Question

Evaluate the following:

`int x^2/(1 - x^4) "d"x` put x² = t

Answer 1

Let I = `int x^2/(1 - x^4) "d"x`

= `int x^2/((1 - x^2)(1 + x^2)) "d"x`

Put x² = t for the purpose of partial fractions.

We get `"t"/((1 - "t")(1 + "t"))`

Resolving into partial fractions we put

`"t"/((1 - "t")(1 + "t")) = "A"/(1 - "t") + "B"/(1 + "t")`  .....[where A and B are arbitrary constants]

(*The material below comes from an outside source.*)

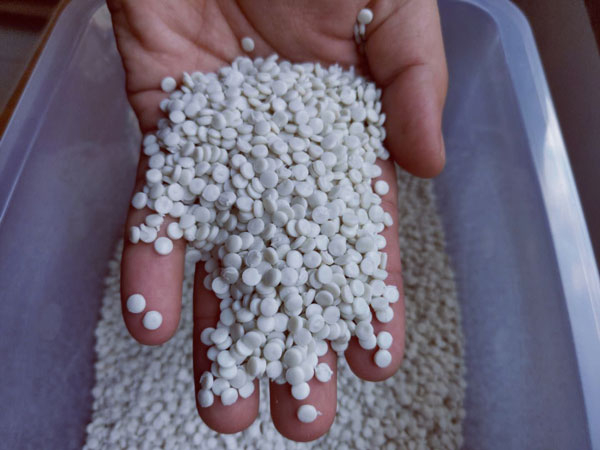 江苏白色高密度聚乙烯HDPE再生颗粒
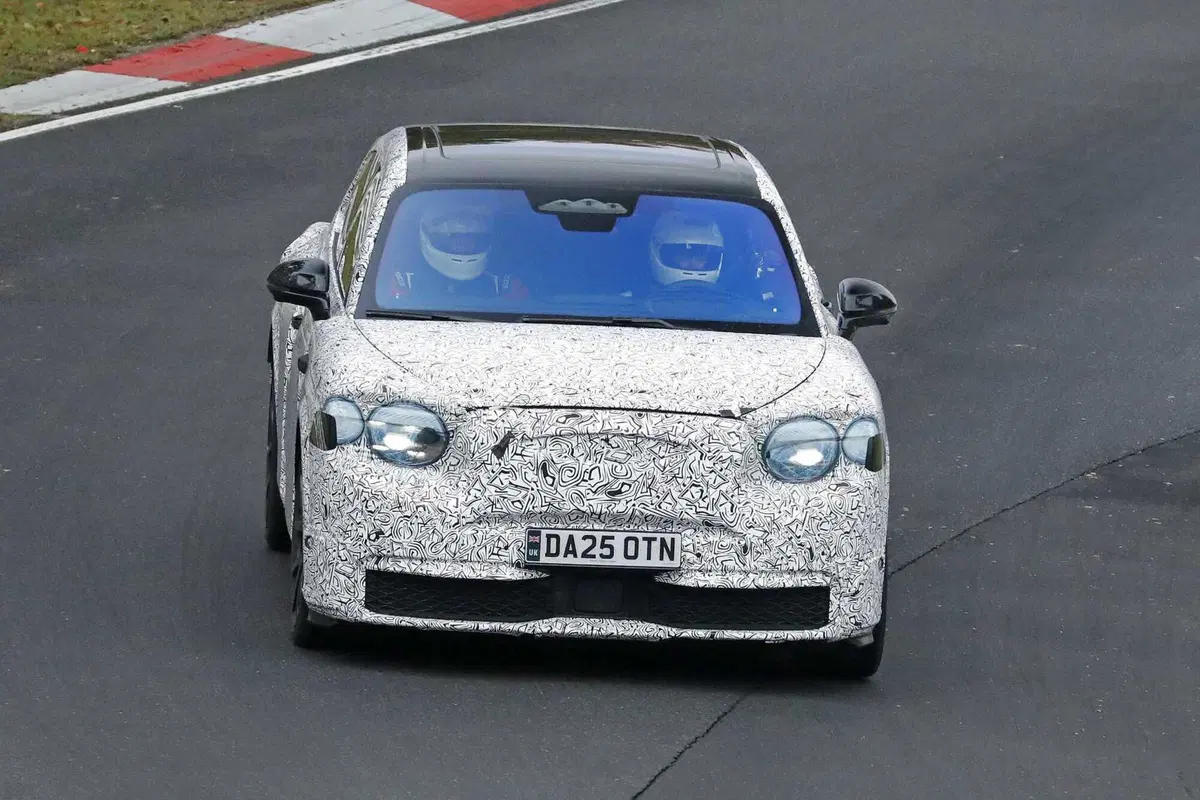 Bentley elettrica, il primo SUV a zero emissioni è già al Nürburgring: tutto quello che sappiamo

⇒ `"t"/((1 - "t")(1 + "t")) = ("A"(1 + "t") + "B"(1 - "t"))/((1 - "t")(1 + "t"))`

⇒ t = A + At + B – Bt

Comparing the like terms, we get A – B = 1 and A + B = 0

Solving the above equations

We have A = `1/2` and B = `- 1/2`

∴ I = `int (1/2)/(1 - x^2) "d"x + int ((-1)/2)/(1 + x^2) "d"x`  ...(Putting t = x²)

= `1/2 * 1/(2*1) log |(1 + x)/(1 - x)| - 1/2 tan^-1x + "C"`

= `1/4 log |(1 + x)/(1 - x)| - 1/2 tan^-1x + 'C"`

Hence, I = `1/4 log |(1 + x)/(1 - x)| - 1/2 tan^-1x + "C"`.